:: Records provided

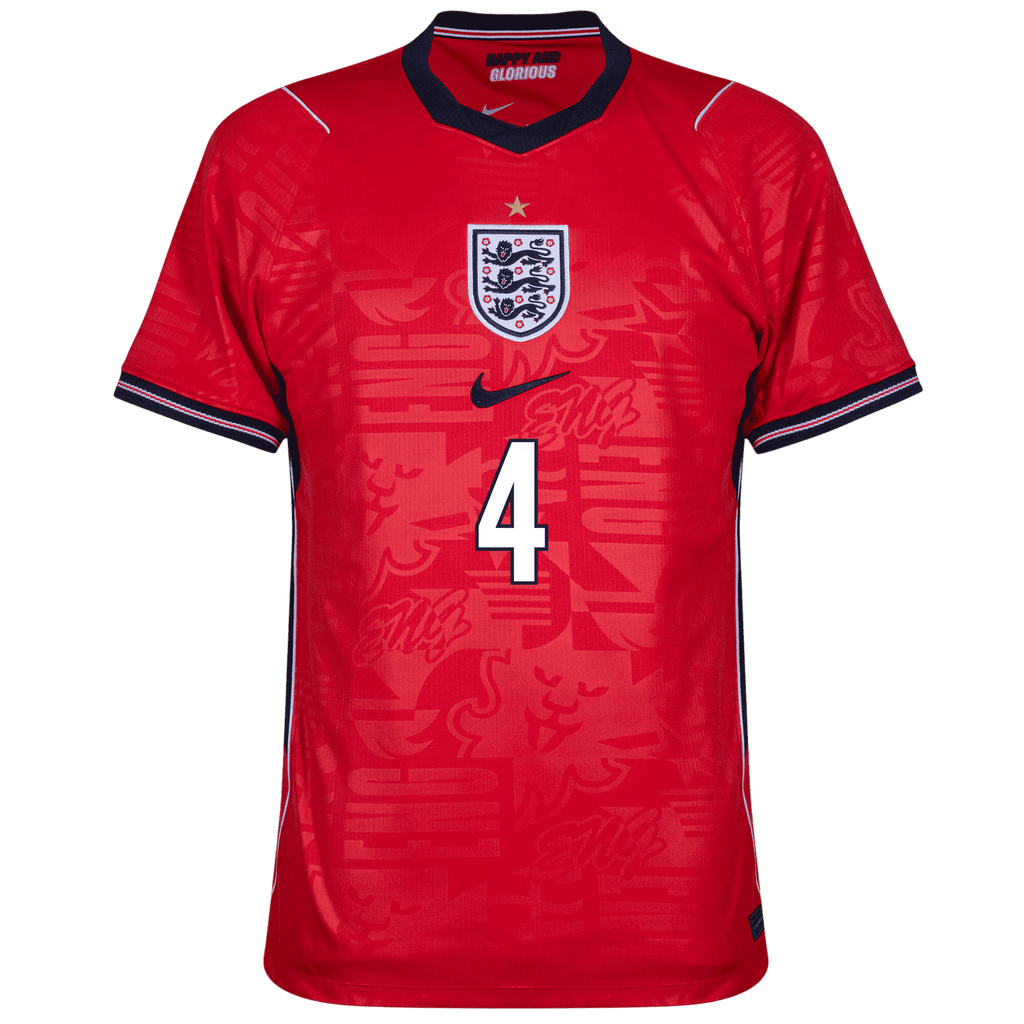 England DECLAN RICE #4 Away World Cup 2026 Jersey Red Men's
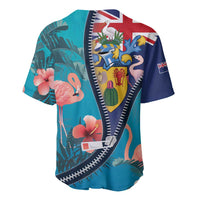 Teal flamingo baseball jersey with front zipper and colorful tropical pattern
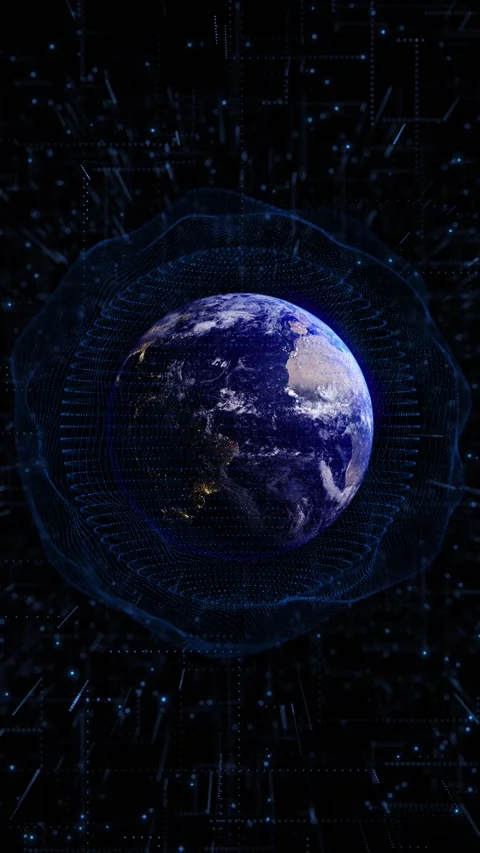 Sci-fi sphere particles. Technology network connection on world. Futuristic Stock Footage 313676729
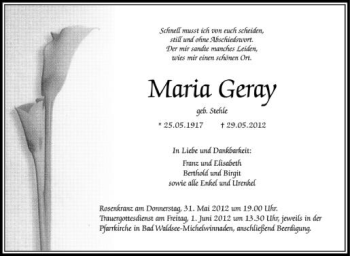 Anzeige von Maria Geray von Schwäbische Zeitung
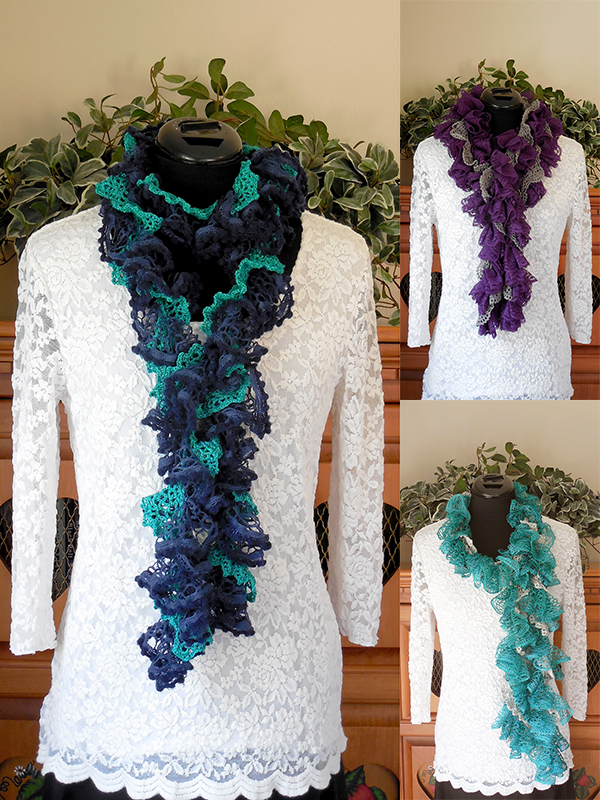 thread crochet lace ruffle scarf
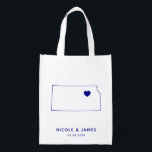 Kansas Wedding Welcome Bag Navy Tote with Map<br><div class="desc">Wedding welcome gift bag featuring map graphic. Your guests will love checking into their hotel and finding this tote filled with treats awaiting them. You may position the heart to the location of your big day using the "customize further" feature.</div>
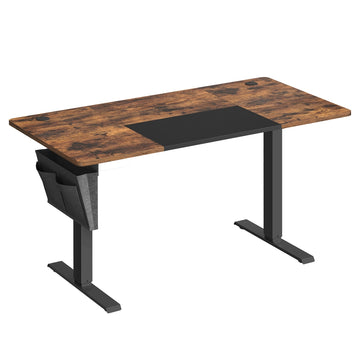Elektrisch verstelbaar bureau | Vintagebruin-zwart | 140,1x60x72-120 cm
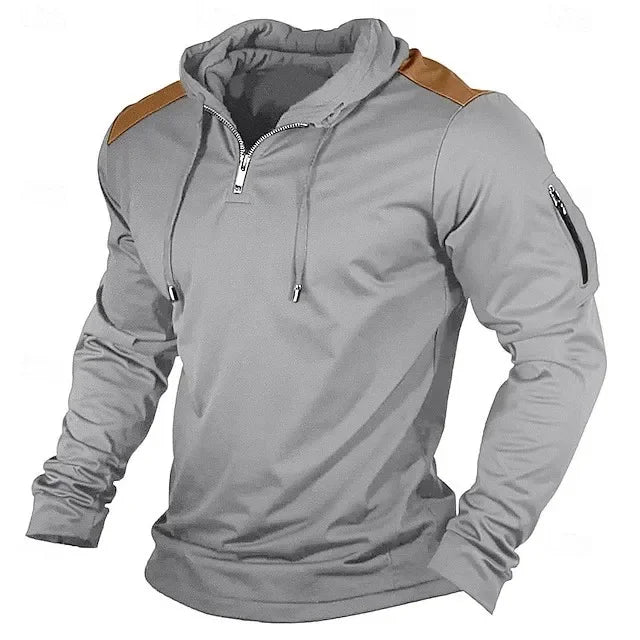 Carter - Sweat com capuz de meio fecho e ombros em contraste
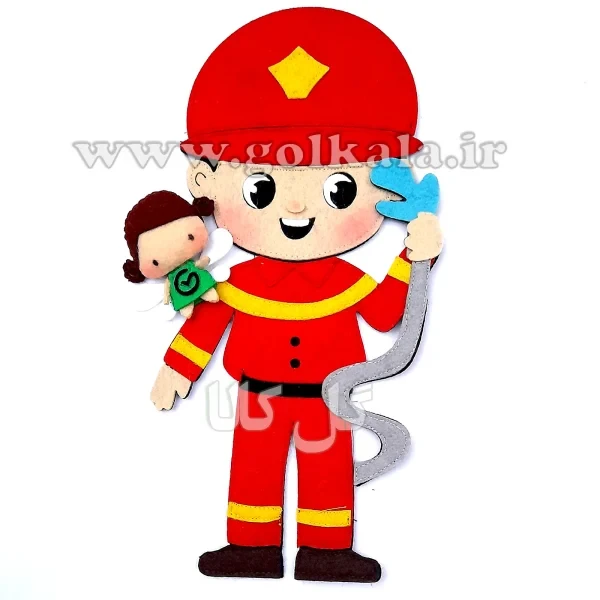 عروسک آتشنشان نمدی دیواری 🚒 آموزشی و مگنتی گل‌کالا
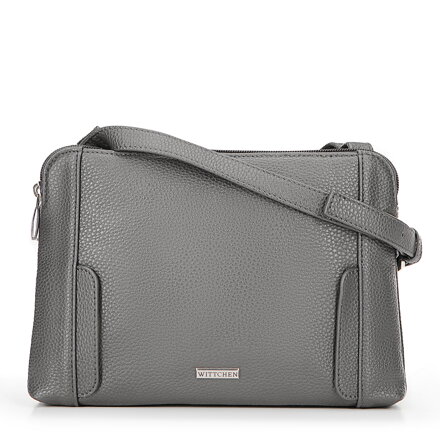 Dámska crossbody dvojkomorová kabelka šedo-strieborná 100-4Y-009-8S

::::

Task description - Would you please reproduce the entries above, starting at the line with "Teal flamingo baseball" and stopping after the line with "thread crochet lace ruffle scarf"? Omit any pictures.

Reply -
 Teal flamingo baseball jersey with front zipper and colorful tropical pattern
 Sci-fi sphere particles. Technology network connection on world. Futuristic Stock Footage 313676729
 Anzeige von Maria Geray von Schwäbische Zeitung
 thread crochet lace ruffle scarf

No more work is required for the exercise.